• _DATA TO EXAMINE_
▼▼▼
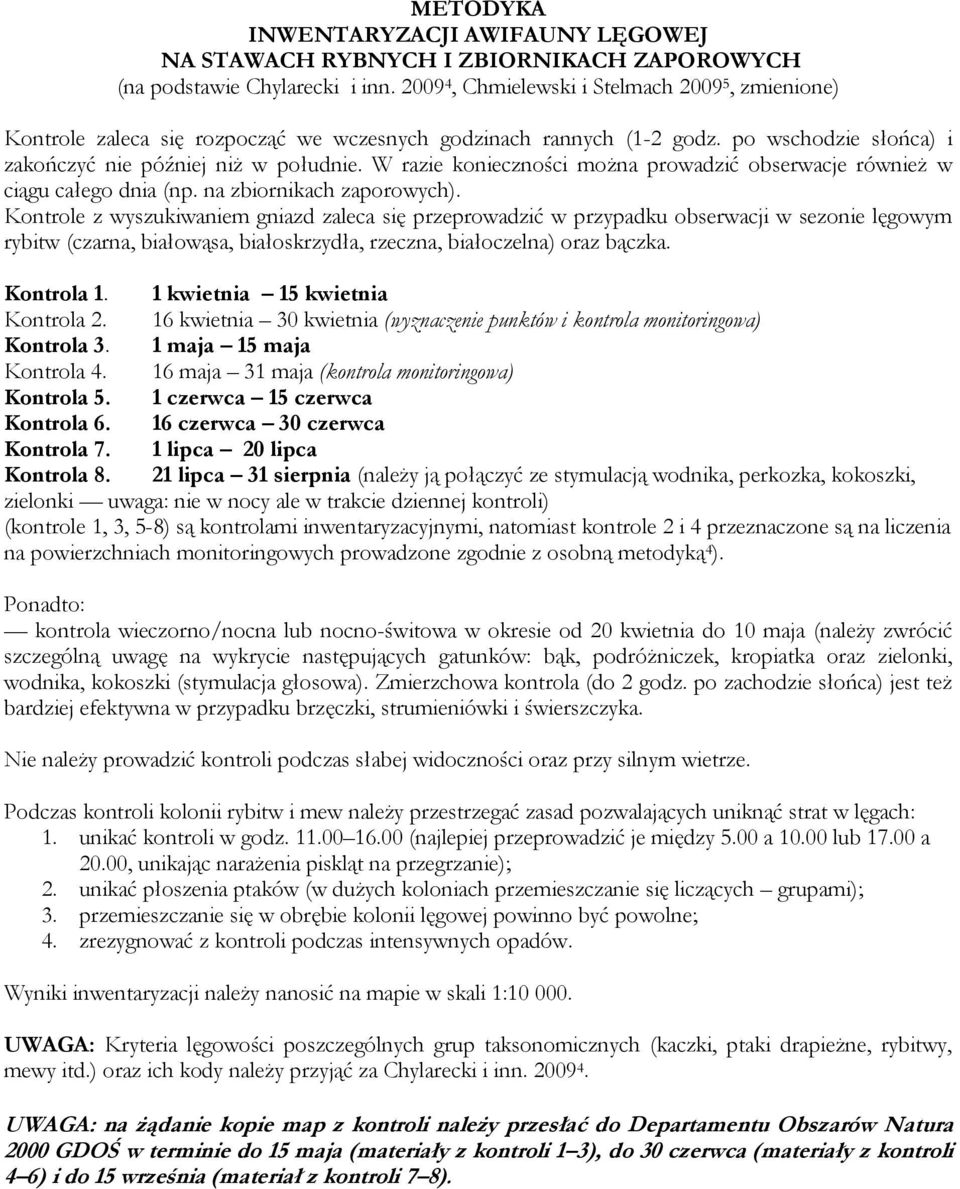 W razie konieczności można prowadzić obserwacje również w ciągu całego dnia (np. na zbiornikach zaporowych).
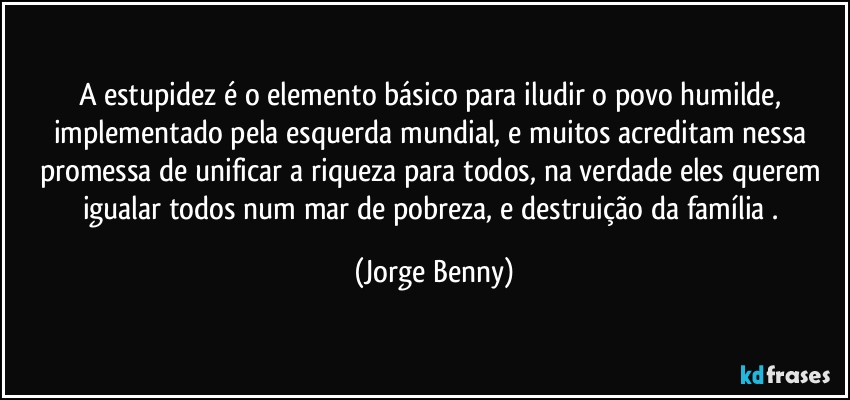 A estupidez é o elemento básico para iludir o povo humilde, implementado pela esquerda mundial, e muitos acreditam nessa promessa de unificar a riqueza para todos, na verdade eles querem igualar todos num mar de pobreza, e destruição da família . (Jorge Benny)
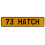73 HATCH  - Yellow Aluminum Street Sign Mancave Euro Plate Name Door Sign Wall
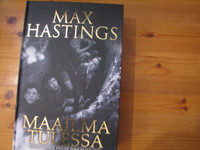 Maailma tulessa, rivisotilaiden ja siviilien toinen maailmansota, Max Hastings
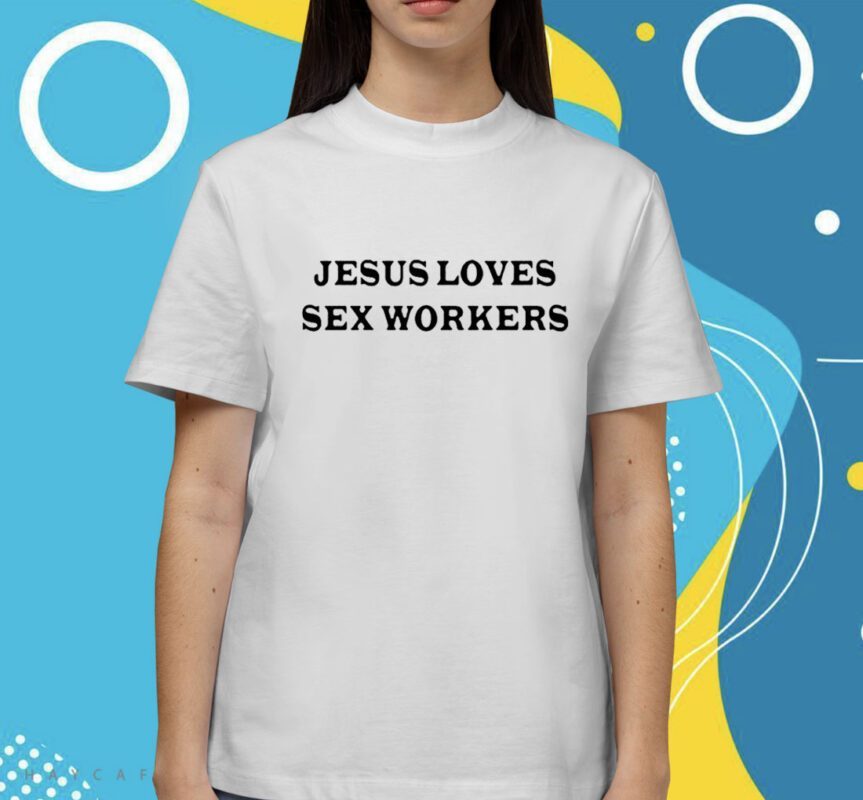 Jesus Love Sex Workers Shirt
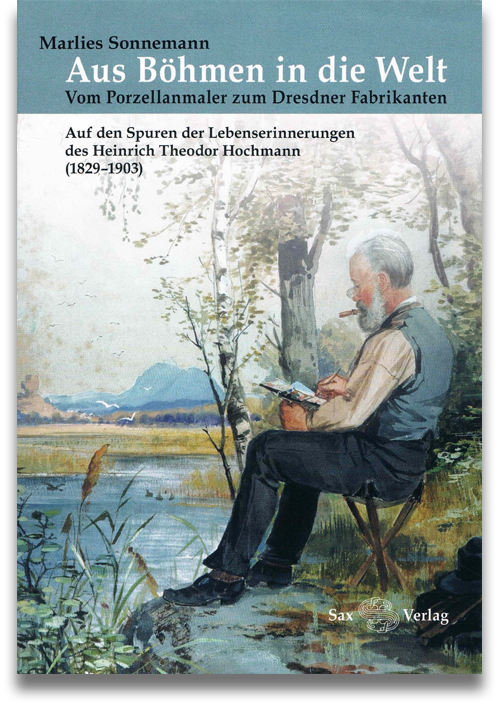 Buchcover: Marlies Sonnemann: Aus Böhmen in die Welt. Vom Porzellanmaler zum Dresdner Fabrikanten Buchcover: Marlies Sonnemann: Aus Böhmen in die Welt. Vom Porzellanmaler zum Dresdner Fabrikanten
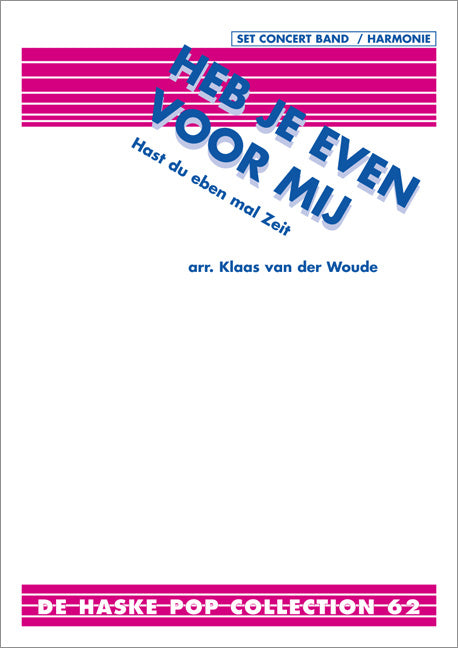 As-tu un instant pour moi | arr. Klaas van der Woude | Orchestre d'harmonie | Partition + parties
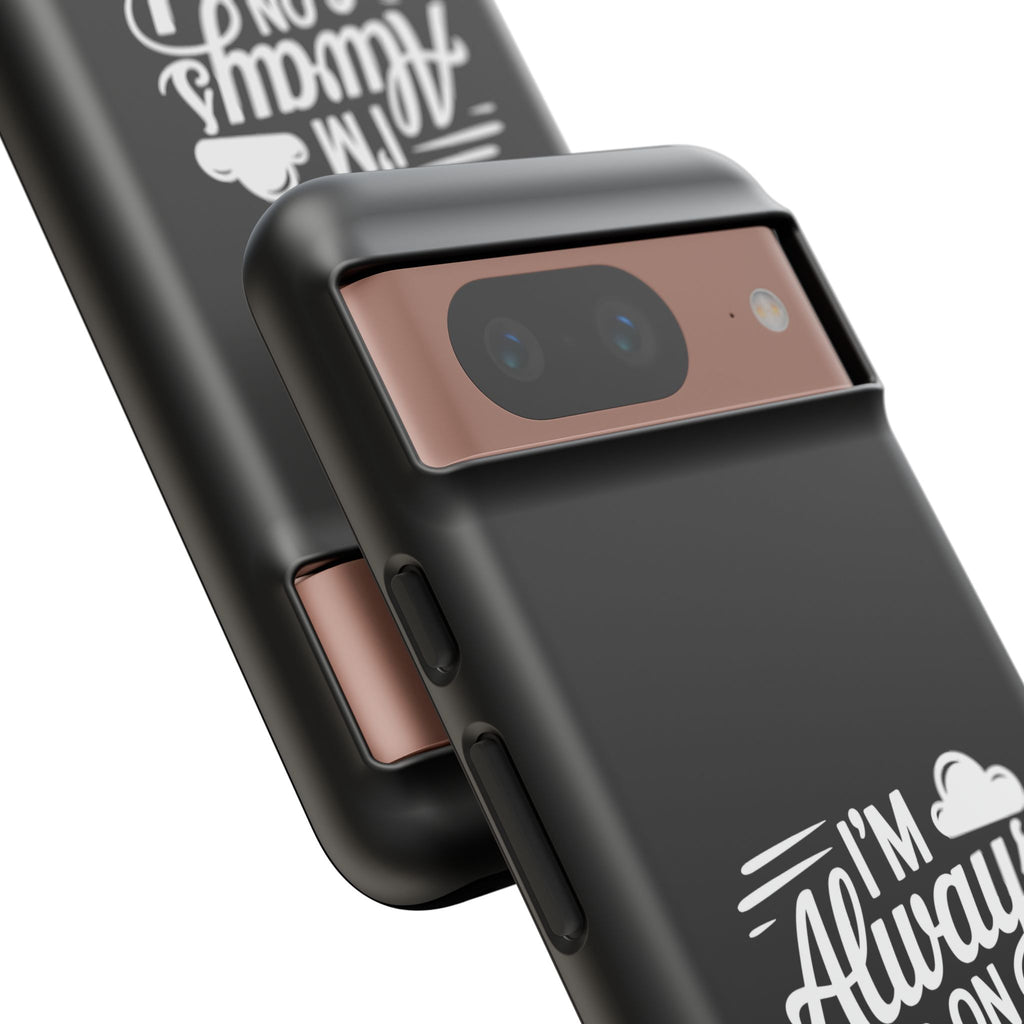Always on Cloud Nine Phone Case | Cute Phone Cover, Travel Gift, Adventure Accessory, Motivational Case, Gift for Dreamers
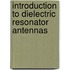 Introduction to Dielectric Resonator Antennas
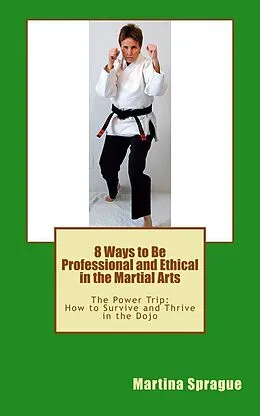 E-Book (epub) 8 Ways to Be Professional and Ethical in the Martial Arts (The Power Trip: How to Survive and Thrive in the Dojo, #2) von Martina Sprague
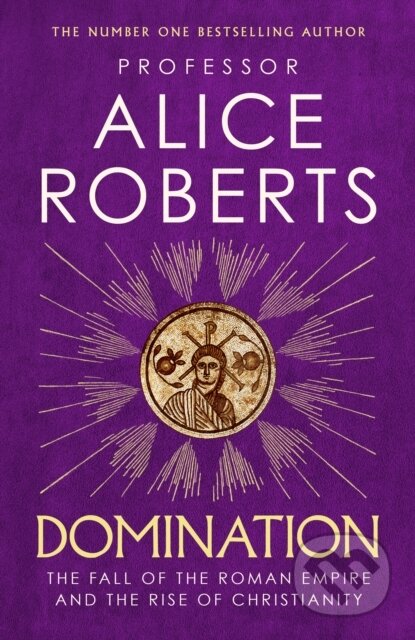 Domination - Alice Roberts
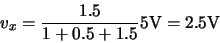 \begin{displaymath}v_x = \frac{1.5}{1 + 0.5 + 1.5} 5{\rm V} = 2.5 {\rm V}\end{displaymath}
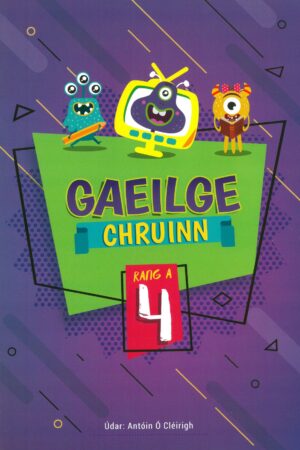 Gaeilge Chruinn Rang 4 (4th Class)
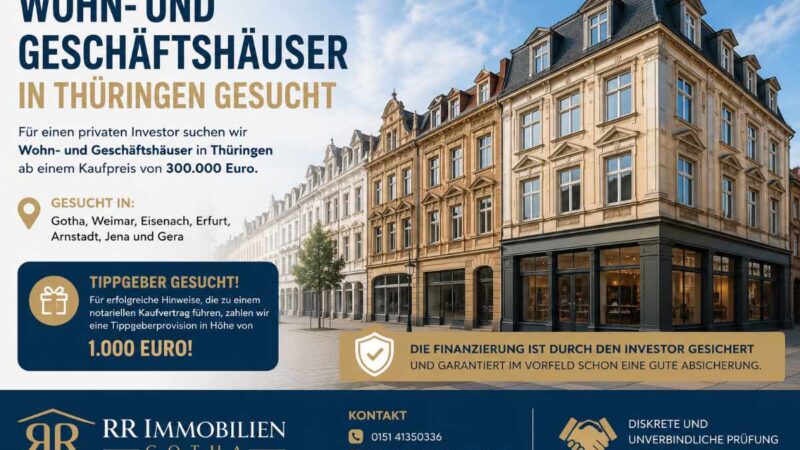 Investor sucht Immobilien in Gotha und Westthüringen – Ankaufsprofil ab 300.000 Euro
▲▲▲
Leave out the pictures and output the rest of the records exactly.

 W razie konieczności można prowadzić obserwacje również w ciągu całego dnia (np. na zbiornikach zaporowych).
 A estupidez é o elemento básico para iludir o povo humilde, implementado pela esquerda mundial, e muitos acreditam nessa promessa de unificar a riqueza para todos, na verdade eles querem igualar todos num mar de pobreza, e destruição da família . (Jorge Benny)
73 HATCH  - Yellow Aluminum Street Sign Mancave Euro Plate Name Door Sign Wall
 Maailma tulessa, rivisotilaiden ja siviilien toinen maailmansota, Max Hastings
 Jesus Love Sex Workers Shirt
 Buchcover: Marlies Sonnemann: Aus Böhmen in die Welt. Vom Porzellanmaler zum Dresdner Fabrikanten Buchcover: Marlies Sonnemann: Aus Böhmen in die Welt. Vom Porzellanmaler zum Dresdner Fabrikanten
 As-tu un instant pour moi | arr. Klaas van der Woude | Orchestre d'harmonie | Partition + parties
Always on Cloud Nine Phone Case | Cute Phone Cover, Travel Gift, Adventure Accessory, Motivational Case, Gift for Dreamers
 Introduction to Dielectric Resonator Antennas
 E-Book (epub) 8 Ways to Be Professional and Ethical in the Martial Arts (The Power Trip: How to Survive and Thrive in the Dojo, #2) von Martina Sprague
 Domination - Alice Roberts
 \begin{displaymath}v_x = \frac{1.5}{1 + 0.5 + 1.5} 5{\rm V} = 2.5 {\rm V}\end{displaymath}
 Gaeilge Chruinn Rang 4 (4th Class)
 Investor sucht Immobilien in Gotha und Westthüringen – Ankaufsprofil ab 300.000 Euro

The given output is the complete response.